- US 1A highlighted in red

Route information
- Auxiliary route of US 1
- Maintained by NCDOT
- Length: 9.0 mi (14.5 km)
- Existed: 1953–present

Major junctions
- South end: US 1 in Wake Forest
- NC 98 in Wake Forest NC 96 in Youngsville
- North end: US 1 near Youngsville

Location
- Country: United States
- State: North Carolina
- Counties: Wake, Franklin

Highway system
- United States Numbered Highway System; List; Special; Divided; North Carolina Highway System; Interstate; US; State; Scenic;

= U.S. Route 1A (Wake Forest–Youngsville, North Carolina) =

U.S. Highway in North Carolina

U.S. Highway 1A (US 1A, also stylized as US 1-A) is a 9.0 mi alternate route of US 1 through the towns of Wake Forest and Youngsville in North Carolina.
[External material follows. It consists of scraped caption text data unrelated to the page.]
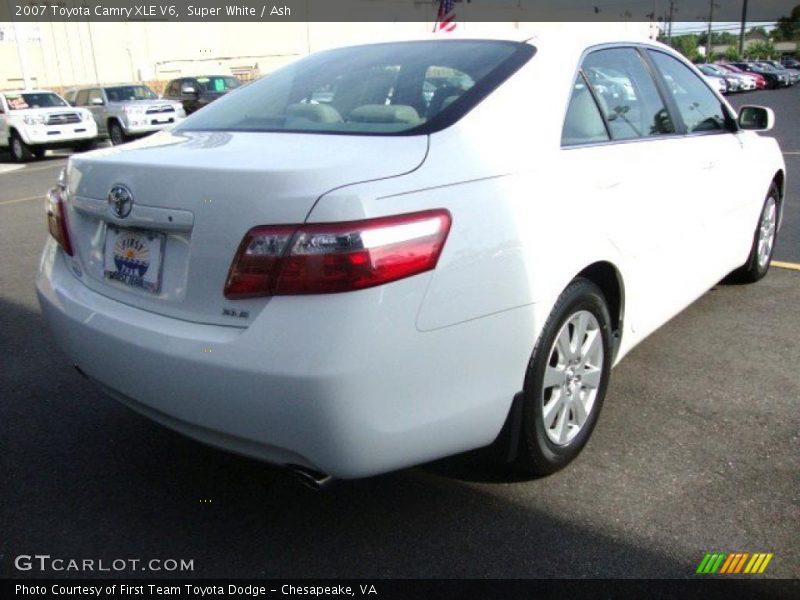 Super White / Ash 2007 Toyota Camry XLE V6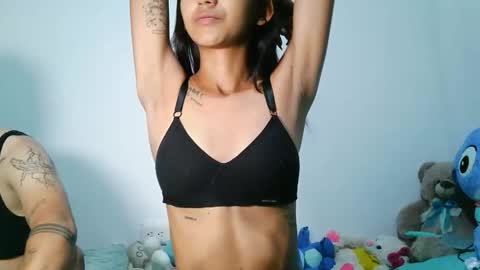 MiaValeria online show from 16, 4, 2026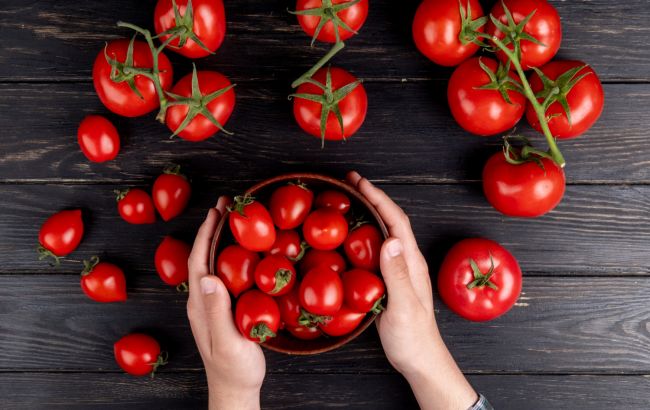 Эти простые лайфхаки помогут надолго сохранить помидоры свежими. Вот что нужно сделать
The southern terminus of US 1A is located at US 1 and Falls of Neuse Road in southern Wake Forest. The highway travels north along South Main Street, intersecting North Carolina Highway 98 (NC 98) at the Dr. Calvin Jones Highway. In downtown Wake Forest, US 1A travels along the eastern side of Southeastern Baptist Theological Seminary concurrent with NC 98 Business (NC 98 Bus.). US 1A uses North Main Street to leave Wake Forest toward Youngsville. At the Wake County–Franklin county line the road name changes to Youngsville Boulevard. US 1A enters Youngsville from the southwest and runs concurrently with NC 96 for 0.6 mi along College Street and Park Avenue before diverging to the north. The northern terminus of US 1A is located at US 1 north of Youngsville.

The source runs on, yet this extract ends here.